On January 14, 1546, another noise of such intensity hit the area. Its center was once again in the Jordan Valley and it caused great destruction. The Jordan River stopped flowing for two whole days, the tsunami waves returned to hit the coastal cities from Acre to Gaza, and the giant waves also returned to the Dead Sea.
On October 0, 3, another earthquake with a magnitude of 1759, centered in the Jordan Valley, killed tens of thousands. Safed is destroyed again. Nazareth and Tiberias are also affected. This time the tsunami waves reach the Kinneret, while those that hit Acre after every earthquake cover the streets of the city with water two meters deep, and throw ships and ships deep into the shore.
the miracle of 95'
On January 1, 1837, one of the deadliest earthquakes occurred. About 28 percent of the residents of Tiberias were killed in this noise, some from the impact of huge tsunami waves that came up from the Sea of Galilee. Safed was completely destroyed, and apparently the heavy damage caused to it was a result of the problematic soil in the area which led to huge landslides. Evidence from the severe earthquake describes the enormous destruction: "The entire surface of the ground, in the upper area and in the area surrounding the hill, was damaged by the shock. Huge amounts of rocks were simply ripped from the ground and blown away. Huge fissures crossed the ground and then filled with earth and stones. . . Near Safed we saw cracks in the rock and in the ground. . . And next to Gush-Halav there is another fissure several meters long."
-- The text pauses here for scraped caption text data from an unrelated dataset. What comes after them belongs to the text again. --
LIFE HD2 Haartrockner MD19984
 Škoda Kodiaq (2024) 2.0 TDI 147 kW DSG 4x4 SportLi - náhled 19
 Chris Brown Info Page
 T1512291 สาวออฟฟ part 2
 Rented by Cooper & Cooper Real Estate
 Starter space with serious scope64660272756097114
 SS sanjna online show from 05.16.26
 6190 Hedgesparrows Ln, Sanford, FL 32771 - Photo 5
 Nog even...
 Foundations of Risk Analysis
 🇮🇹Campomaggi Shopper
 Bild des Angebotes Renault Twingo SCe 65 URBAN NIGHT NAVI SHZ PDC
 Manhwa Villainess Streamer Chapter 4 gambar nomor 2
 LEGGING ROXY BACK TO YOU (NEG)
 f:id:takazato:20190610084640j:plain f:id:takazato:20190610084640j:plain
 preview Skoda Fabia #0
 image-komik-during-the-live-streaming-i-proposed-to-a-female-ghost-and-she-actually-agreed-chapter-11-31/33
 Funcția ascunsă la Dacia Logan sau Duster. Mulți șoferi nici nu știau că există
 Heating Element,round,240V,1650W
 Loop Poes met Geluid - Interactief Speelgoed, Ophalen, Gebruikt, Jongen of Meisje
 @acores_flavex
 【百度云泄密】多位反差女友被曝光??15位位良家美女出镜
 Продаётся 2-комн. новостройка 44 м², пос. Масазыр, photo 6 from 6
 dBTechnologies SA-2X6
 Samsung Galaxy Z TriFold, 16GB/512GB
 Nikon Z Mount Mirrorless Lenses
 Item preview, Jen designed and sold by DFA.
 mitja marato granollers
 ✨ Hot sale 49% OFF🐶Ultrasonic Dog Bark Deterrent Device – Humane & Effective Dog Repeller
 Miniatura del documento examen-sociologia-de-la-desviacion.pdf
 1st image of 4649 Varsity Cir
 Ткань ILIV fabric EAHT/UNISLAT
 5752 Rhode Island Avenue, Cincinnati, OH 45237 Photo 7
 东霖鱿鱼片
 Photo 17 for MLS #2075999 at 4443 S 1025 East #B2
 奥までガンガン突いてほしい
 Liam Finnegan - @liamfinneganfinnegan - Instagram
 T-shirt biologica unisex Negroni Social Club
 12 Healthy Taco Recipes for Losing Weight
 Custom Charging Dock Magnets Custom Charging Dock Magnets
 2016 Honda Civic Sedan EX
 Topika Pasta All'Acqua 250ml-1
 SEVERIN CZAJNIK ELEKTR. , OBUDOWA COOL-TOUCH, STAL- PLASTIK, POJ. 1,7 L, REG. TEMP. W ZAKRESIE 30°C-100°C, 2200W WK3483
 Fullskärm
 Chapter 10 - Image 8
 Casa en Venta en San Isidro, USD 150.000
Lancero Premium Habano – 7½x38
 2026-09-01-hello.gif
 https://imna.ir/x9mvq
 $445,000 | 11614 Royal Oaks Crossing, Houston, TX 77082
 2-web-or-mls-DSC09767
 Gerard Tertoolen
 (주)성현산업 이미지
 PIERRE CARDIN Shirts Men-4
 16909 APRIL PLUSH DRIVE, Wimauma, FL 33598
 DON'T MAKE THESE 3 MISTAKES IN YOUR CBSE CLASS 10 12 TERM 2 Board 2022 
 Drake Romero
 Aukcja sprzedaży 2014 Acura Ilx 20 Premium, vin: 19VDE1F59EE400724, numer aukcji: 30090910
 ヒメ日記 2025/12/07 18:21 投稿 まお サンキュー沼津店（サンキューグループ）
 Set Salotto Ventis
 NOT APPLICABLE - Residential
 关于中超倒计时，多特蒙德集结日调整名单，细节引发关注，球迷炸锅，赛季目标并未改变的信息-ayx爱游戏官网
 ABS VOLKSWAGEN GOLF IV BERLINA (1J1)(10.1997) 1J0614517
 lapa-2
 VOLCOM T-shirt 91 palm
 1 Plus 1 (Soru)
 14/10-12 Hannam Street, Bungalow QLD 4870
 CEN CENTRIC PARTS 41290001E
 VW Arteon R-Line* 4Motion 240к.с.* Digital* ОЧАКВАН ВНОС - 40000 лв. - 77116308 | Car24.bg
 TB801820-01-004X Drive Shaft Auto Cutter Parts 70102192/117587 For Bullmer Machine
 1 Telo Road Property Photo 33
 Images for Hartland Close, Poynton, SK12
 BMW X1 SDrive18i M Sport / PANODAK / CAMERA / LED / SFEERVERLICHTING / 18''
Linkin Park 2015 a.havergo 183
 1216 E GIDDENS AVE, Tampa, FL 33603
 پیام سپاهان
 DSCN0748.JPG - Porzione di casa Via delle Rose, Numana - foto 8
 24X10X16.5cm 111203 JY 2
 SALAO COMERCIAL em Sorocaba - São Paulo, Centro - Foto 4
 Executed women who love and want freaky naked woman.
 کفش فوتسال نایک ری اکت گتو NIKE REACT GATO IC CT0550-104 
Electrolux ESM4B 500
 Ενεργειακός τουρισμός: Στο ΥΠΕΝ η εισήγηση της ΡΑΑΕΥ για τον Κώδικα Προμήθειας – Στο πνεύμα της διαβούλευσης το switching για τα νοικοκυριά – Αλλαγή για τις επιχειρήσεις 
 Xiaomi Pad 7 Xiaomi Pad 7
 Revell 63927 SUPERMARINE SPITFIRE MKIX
On July 11, 1927, the last severe earthquake occurred in the area. The flow of the Jordan was stopped for almost a whole day as a result of the landslides. Even then, buildings fell like card towers and buried their occupants under them. The earthquake claimed hundreds of victims on both sides of the Jordan. Ramla, Lod, Tiberias and Nablus were badly hit.
This was the last earthquake with a magnitude of 6.25 - the strongest measured here in the last century. "Actually, since the establishment of the state, there has not been an earthquake whose intensity within the state was over 6", explains Prof. Moshe Inbar from the Department of Geography at the University of Haifa. "The earthquake of 27' was the strongest and most destructive in our region in recent times."
In November 95, an earthquake occurred again that was felt throughout the country, but its center was in the heart of the Gulf of Eilat - far enough away to prevent major damage. At 6:15 in the morning, the residents of the state woke up to their walls swaying. The noise intensity was estimated at about 6.2. On the same day, another 1,500 minor tremors were recorded - the "aftershock" of the main tremor. Several hotels in the city were damaged by the noise, and one tourist, 67 years old, who was in the city as part of a retirement trip with his wife and tried to take her down the stairs with his own hands after the earthquake, had a heart attack and died.
According to Prof. Mert, "It was a huge earthquake, but it hit an uninhabited area, so the number of victims and the amount of damage were small."